By the Myhill-Nerode theorem, all regular languages have a finite number of equivalence classes under the indistinguishability relation on strings. These equivalence classes correspond directly to states in a minimal deterministic finite automaton for the regular language. You could take the number of states of a minimal deterministic finite automaton for the language to be the "fundamental" complexity of the language itself.

There are algorithms which can take you from a (formal) regular expression to a minimal deterministic finite automaton, and then back again to a regular expression. Doing this should give you a canonical regular expression for every regular language. I imagine - but have not worked out a proof - that the process of producing a regular expression from a minimal deterministic finite automaton could be modified so that it produces the shorted (in terms of number of operations) regular expression possible.

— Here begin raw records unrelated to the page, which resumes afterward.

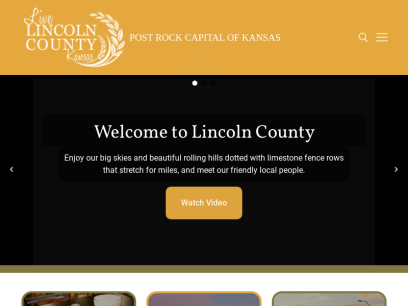 livelincolncounty.com.png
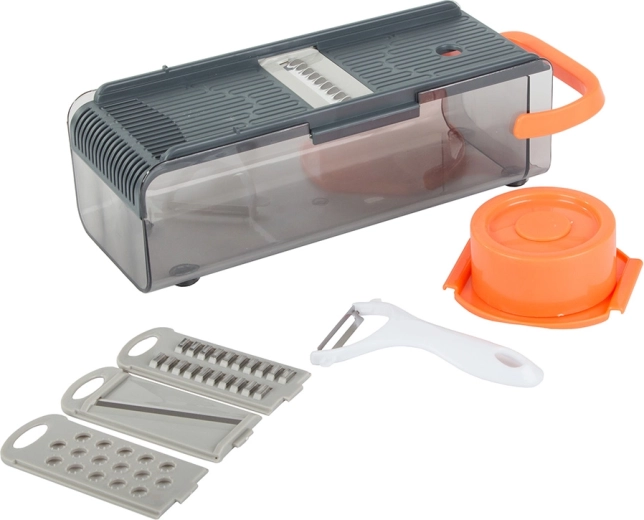 Πολυχρηστική χρήση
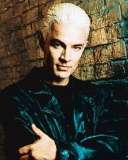 Spike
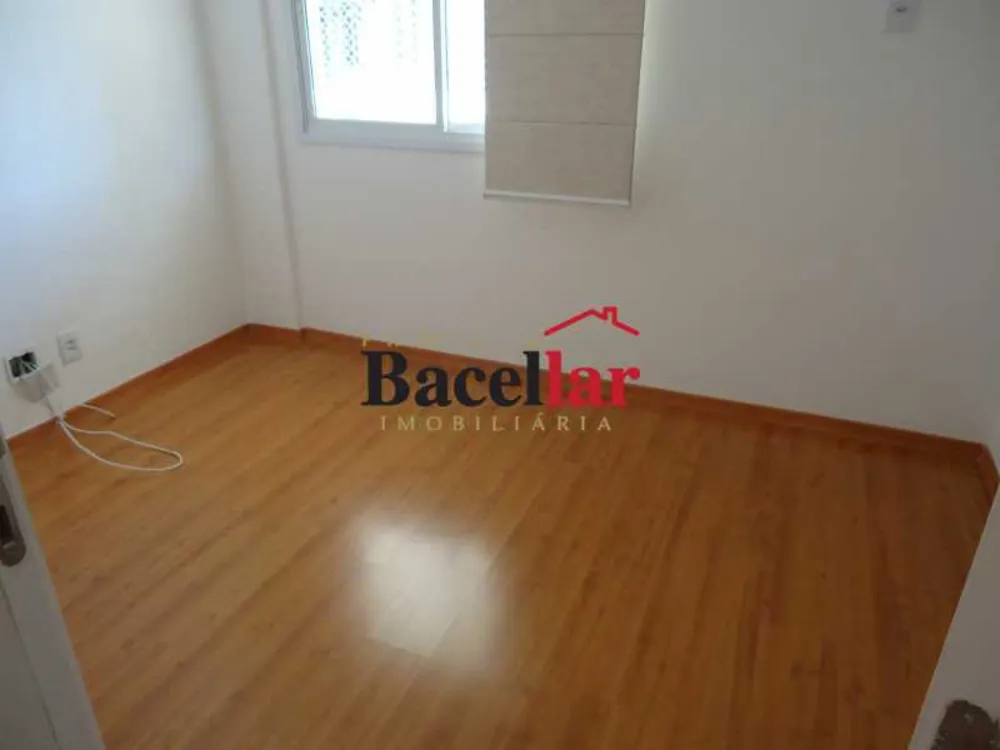 Apartamento, 3 quartos, 89 m² - Foto 7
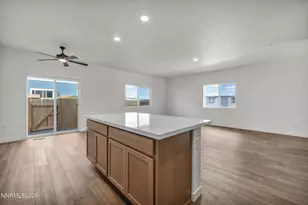 260 Green Ln, Dayton, NV 89403 - Photo 10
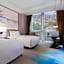 Wanda Realm Jingzhou
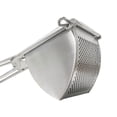 thumbnail image 3 of Potato Masher, 3 of 5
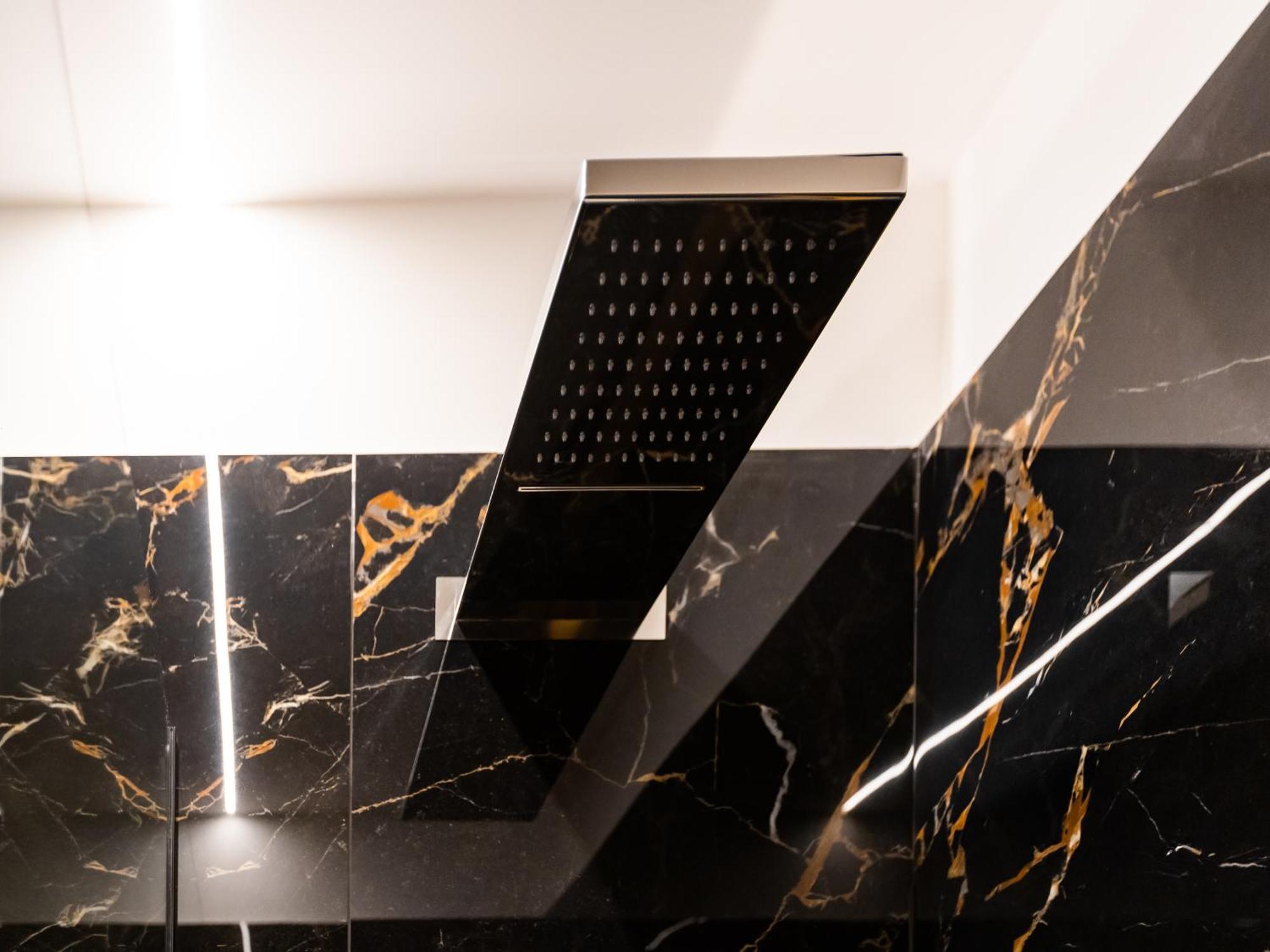 Guest house Regola Luxury Relais Rome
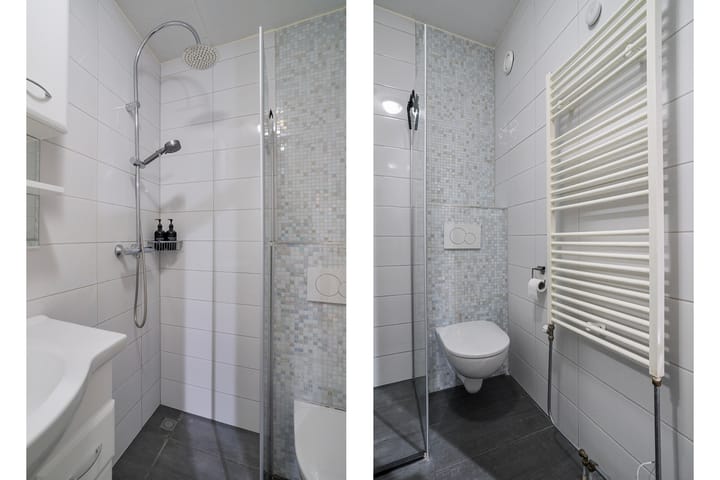 Foto 24 van Nijverheidssingel 243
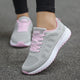 Grijs-Roze
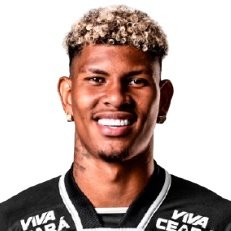 Loan Kayky
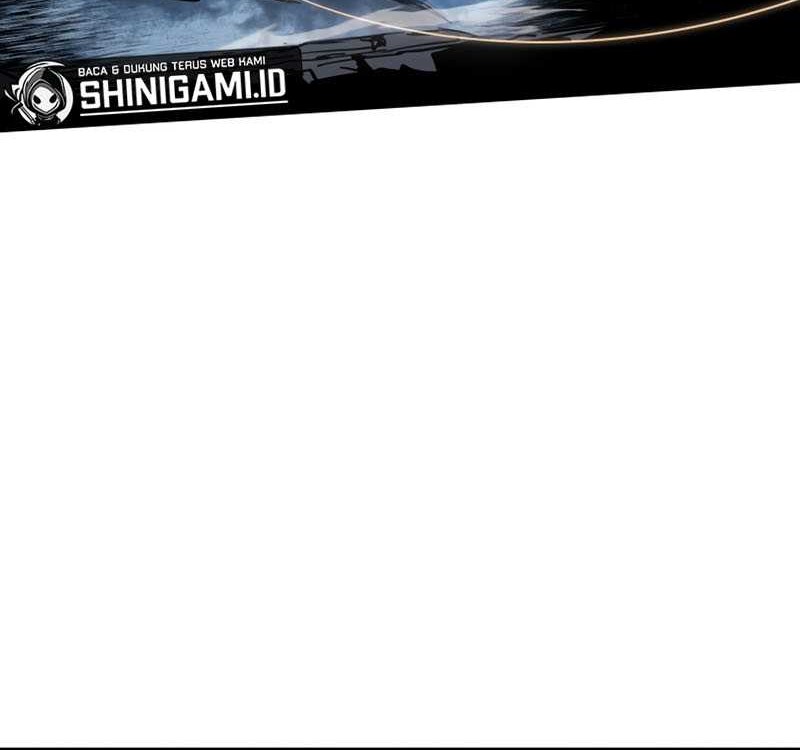 Grim Reaper of the Drifting Moon Chapter 51 Gambar 41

The complexity of the language could be the number of operations in such a canonical regular expression. The actual complexity of any given regular expression could be the number of operations in it. The ratio could give you a sense of how "inefficient" or "unnecessarily complex" your regular expression is.

If you really need non-reguar features of regex, then you are out of luck; there's no notion of computable minimization in higher order language classes. You can invent complexity metrics all day, but you'll never get a general algorithmic answer to "how inefficient is this compared to the baseline?" Another way to say what I mean is this: making a cake might be harder than making popcorn, but if you need a cake, you have to expend the extra effort to get what you need.